FLATOW: I stand corrected. Well let me ask what Dr. Scott-Park to give us an update, what is the latest on the outbreak over there?
Dr. SCOTT-PARK: I think you actually summarized it quite well, Ira. We have a situation where now we knew last week that we had H5N1. This is the first really big outbreak we've had of H5N1 for over 10 years. And we now know, as of yesterday, that the strain is identical to the virus that has just been recently seen in geese in Hungary. And of course all our efforts are now being concentrated on how the virus came to the U.K.

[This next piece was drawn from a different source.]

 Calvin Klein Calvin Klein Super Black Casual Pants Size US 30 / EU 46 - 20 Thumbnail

FLATOW: What about it coming in from - allegedly from the meat imported from Hungary?
Dr. SCOTT-PARK: Well, let's think about the situation in Hungary. There was an outbreak in Hungary reported two weeks ago. And Bernard Matthews, which is the infected unit down in Suffolk in England, they have a plant - a processing plant in Hungary but it is over 160 miles away from the outbreak of avian influenza in Hungary. Therefore, Bernard Matthews was not, you know, the unit in Hungary was not under any restriction. They weren't in the restriction or the protection zone.

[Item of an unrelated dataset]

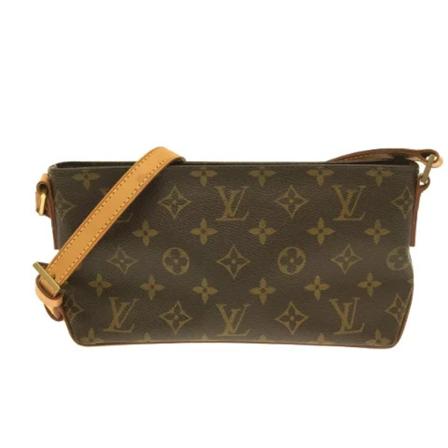 Louis Vuitton Vintage Pre-owned Shoulder Väska brun, Dam Vintage Väskor, Dam, Storlek: ONE SIZE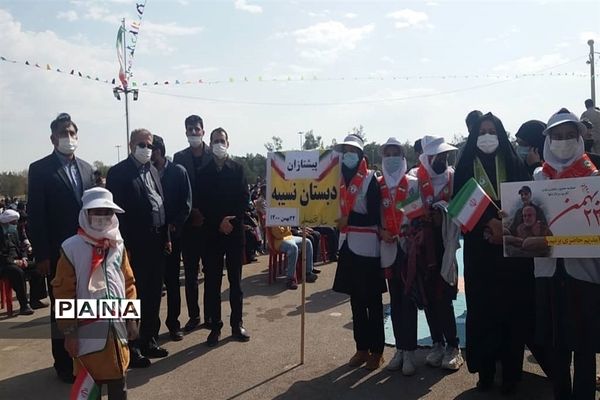 راهپیمایی ۲۲ بهمن در مناطق  استان خوزستان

And therefore they were still free to move poultry product out of Hungary to the U.K., and indeed it is that angle that our officials will be examining very carefully over the next couple of days to see if it would be - there's a possibility that the virus was carried in partly processed poultry meat.

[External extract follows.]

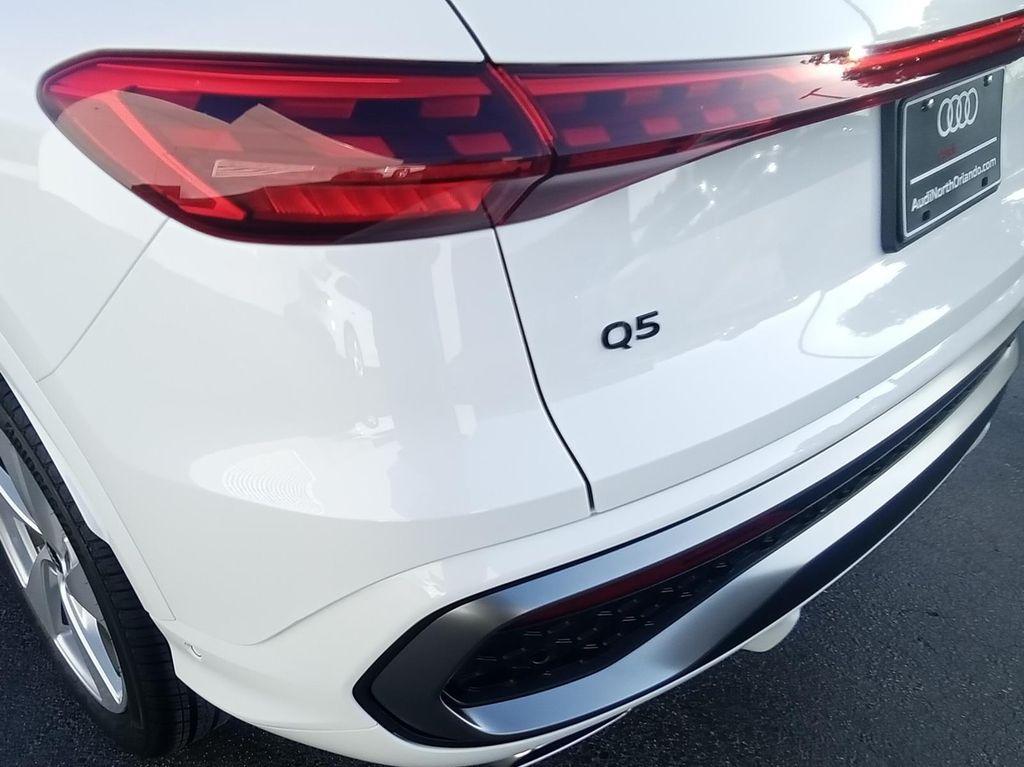new 2025 Audi Q5 Sportback car, priced at $63,075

FLATOW: Now this poultry meat farm is - were there 22 sheds of sealed in with a - the birds are sealed in, correct?
Dr. SCOTT-PARK: Yes, the farm in Suffolk. And it's getting quite confusing as to know which side of the, you know, the continent was speaking about. Now the farm in Suffolk where we had the outbreak of the virus is a huge farm, 22 very large sheds with approximately 2,000, I gather, turkeys, and perhaps more in some sheds. It was in one single unit that the birds became ill just about 10 days ago. And what happened initially was that the veterinary surgeon was called in because some of the birds weren't looking terribly well and there was a low level of mortality.
The veterinary surgeon came to the farm and tested the birds and found quite a high level of E. coli infection and suggested antibiotic treatment. A day later, there was a little bit more mortality, and at that point the veterinarian, who is a junior veterinarian in the practice, asked his senior veterinarian colleague to visit, which he did the following afternoon, by which time the mortality has jumped.
And by that stage the senior veterinarian, who has seen avian influenza twice before both H5 and H7, he knew immediately that we were dealing with something serious here and said he had to contact our government officials. And at that point our government officials were called in, and from that moment on we had a crisis situation.
FLATOW: Now there are reports saying that the virus has spread to four sheds. Can you confirm that?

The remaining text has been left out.